§ The problem
Only one stretch of the data below is wanted: the lines starting at the one with "5th image of 369 N Greeley Ave" and ending at the one with "Heart-shaped Baby Mat | H&M (US + CA)", both included, given again exactly.

§ Records to process
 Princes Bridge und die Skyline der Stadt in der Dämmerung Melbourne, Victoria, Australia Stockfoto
--
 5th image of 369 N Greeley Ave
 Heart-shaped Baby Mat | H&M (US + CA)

§ Reply to the exercise
 5th image of 369 N Greeley Ave
 Heart-shaped Baby Mat | H&M (US + CA)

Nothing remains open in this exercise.